Garcia-Quintero appealed the IJ's decision to the BIA, arguing that because his counsel was not allowed to assert the Fifth Amendment privilege for him, the IJ forced Garcia-Quintero to incriminate him-self in violation of the Fifth Amendment. Moreover, because his testimony was the only evidence the Government presented, Garcia-Quintero argued that his removal hearing should have been terminated given the Fifth Amendment violation. He also requested that his appeal be reviewed by a three-member panel of the BIA.

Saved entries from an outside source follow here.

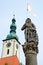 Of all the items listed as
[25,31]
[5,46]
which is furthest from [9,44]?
[25,31]

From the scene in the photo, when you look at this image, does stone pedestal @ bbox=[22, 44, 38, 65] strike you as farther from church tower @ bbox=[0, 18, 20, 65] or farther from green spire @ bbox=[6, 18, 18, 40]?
green spire @ bbox=[6, 18, 18, 40]

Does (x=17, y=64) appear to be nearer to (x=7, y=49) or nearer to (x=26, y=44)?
(x=7, y=49)

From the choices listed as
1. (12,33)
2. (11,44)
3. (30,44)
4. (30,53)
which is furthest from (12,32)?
(30,53)

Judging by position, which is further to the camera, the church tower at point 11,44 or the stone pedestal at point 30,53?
the church tower at point 11,44

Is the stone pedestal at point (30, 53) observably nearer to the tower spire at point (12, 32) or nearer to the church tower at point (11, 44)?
the church tower at point (11, 44)

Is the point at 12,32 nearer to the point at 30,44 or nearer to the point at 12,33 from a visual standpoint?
the point at 12,33

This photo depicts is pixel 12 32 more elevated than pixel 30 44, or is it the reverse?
pixel 12 32

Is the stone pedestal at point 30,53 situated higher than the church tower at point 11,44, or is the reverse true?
the church tower at point 11,44

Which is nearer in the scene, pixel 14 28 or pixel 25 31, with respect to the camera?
pixel 25 31

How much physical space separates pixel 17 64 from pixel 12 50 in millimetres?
13194

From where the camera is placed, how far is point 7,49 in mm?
46219

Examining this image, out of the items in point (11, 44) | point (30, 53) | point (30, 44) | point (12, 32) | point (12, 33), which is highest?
point (12, 32)

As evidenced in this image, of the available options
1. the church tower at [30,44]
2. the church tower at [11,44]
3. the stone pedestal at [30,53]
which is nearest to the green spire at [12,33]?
the church tower at [11,44]

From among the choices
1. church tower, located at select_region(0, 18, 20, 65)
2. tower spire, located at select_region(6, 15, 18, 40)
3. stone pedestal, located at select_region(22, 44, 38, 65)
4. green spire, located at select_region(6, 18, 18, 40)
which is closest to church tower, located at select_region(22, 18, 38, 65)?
stone pedestal, located at select_region(22, 44, 38, 65) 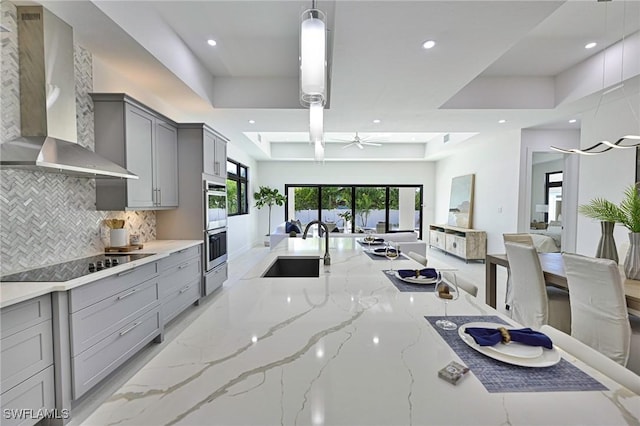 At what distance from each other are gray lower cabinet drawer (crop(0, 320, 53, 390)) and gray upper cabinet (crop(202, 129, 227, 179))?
2.56m

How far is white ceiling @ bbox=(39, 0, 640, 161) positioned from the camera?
2.28 meters

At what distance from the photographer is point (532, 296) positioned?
2.50 m

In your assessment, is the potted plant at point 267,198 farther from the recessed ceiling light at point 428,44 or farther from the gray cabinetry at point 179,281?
the recessed ceiling light at point 428,44

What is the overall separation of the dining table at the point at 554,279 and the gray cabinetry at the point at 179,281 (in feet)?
11.7

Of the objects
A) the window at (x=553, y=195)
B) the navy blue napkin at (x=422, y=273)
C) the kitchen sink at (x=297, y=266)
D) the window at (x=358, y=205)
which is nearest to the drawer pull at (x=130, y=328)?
the kitchen sink at (x=297, y=266)

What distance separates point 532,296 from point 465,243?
424 cm

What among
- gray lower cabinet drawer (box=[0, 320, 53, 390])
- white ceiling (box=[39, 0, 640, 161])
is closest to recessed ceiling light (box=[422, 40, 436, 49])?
white ceiling (box=[39, 0, 640, 161])

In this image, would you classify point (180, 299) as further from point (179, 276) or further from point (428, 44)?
point (428, 44)

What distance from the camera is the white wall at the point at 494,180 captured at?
5695 mm

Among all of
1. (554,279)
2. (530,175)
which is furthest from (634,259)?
(530,175)

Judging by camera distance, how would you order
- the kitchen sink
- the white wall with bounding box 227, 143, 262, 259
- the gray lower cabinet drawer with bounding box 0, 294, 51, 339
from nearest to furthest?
the gray lower cabinet drawer with bounding box 0, 294, 51, 339 < the kitchen sink < the white wall with bounding box 227, 143, 262, 259

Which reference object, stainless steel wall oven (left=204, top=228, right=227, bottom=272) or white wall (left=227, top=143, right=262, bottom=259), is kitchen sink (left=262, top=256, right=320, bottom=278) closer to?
stainless steel wall oven (left=204, top=228, right=227, bottom=272)

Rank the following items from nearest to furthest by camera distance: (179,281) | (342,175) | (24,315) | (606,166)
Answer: (24,315), (179,281), (606,166), (342,175)

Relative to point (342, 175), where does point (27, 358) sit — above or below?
below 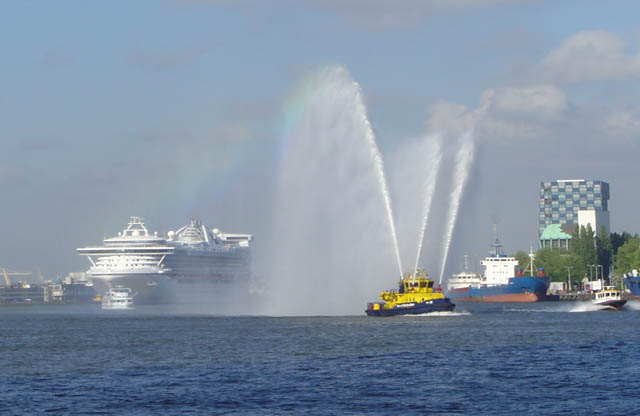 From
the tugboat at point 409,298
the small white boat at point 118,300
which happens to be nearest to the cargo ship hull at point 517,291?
the small white boat at point 118,300

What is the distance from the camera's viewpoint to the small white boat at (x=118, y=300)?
5320 inches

While the appeal was pending, Garcia-Quintero filed a motion to remand to the immigration court so that the IJ could consider his application for cancellation of removal pursuant to 8 U.S.C. § 1229b.4 Garcia-Quintero argued that he was eligible for cancellation of removal because, as a consequence of his 1993 acceptance into the FUP, he was "admitted in any status," and therefore he satisfied the residence requirement by having resided continuously in the United States for seven years. Along with his motion, Garcia-Quintero submitted a declaration in which he remorsefully admitted to the conduct underlying the charge of alien smuggling.

In a one-member unpublished order, the BIA dismissed Garcia-Quintero's appeal and denied his motion to remand. The BIA determined that the IJ did not err in requiring Garcia-Quintero to invoke personally his Fifth Amendment right against self-incrimination, on a question-by-question basis, and thus his testimony was properly considered. The BIA further held that Garcia-Quintero failed to establish his prima facie eligibility for cancellation of removal. Because he became an LPR in 1998 and his residency ended in 2001, when he received the Notice to Appear, the BIA concluded that Garcia-Quintero had not resided continuously in the United States for seven years after having been "admitted in any status." In so holding, the BIA rejected Garcia-Quintero's argument that he was first admitted when he was accepted into the FUP in 1993. Garcia-Quintero timely petitioned for review of the BIA's decision.

II. Discussion
A. Judicial Review of the BIA's Decision
Standard of Review

Where, as here, the BIA reviews de novo the IJ's decision, our review is limited to the decision of the BIA. Hernandez v. Ashcroft, 345 F.3d 824, 832 (9th Cir.2003). We review for abuse of...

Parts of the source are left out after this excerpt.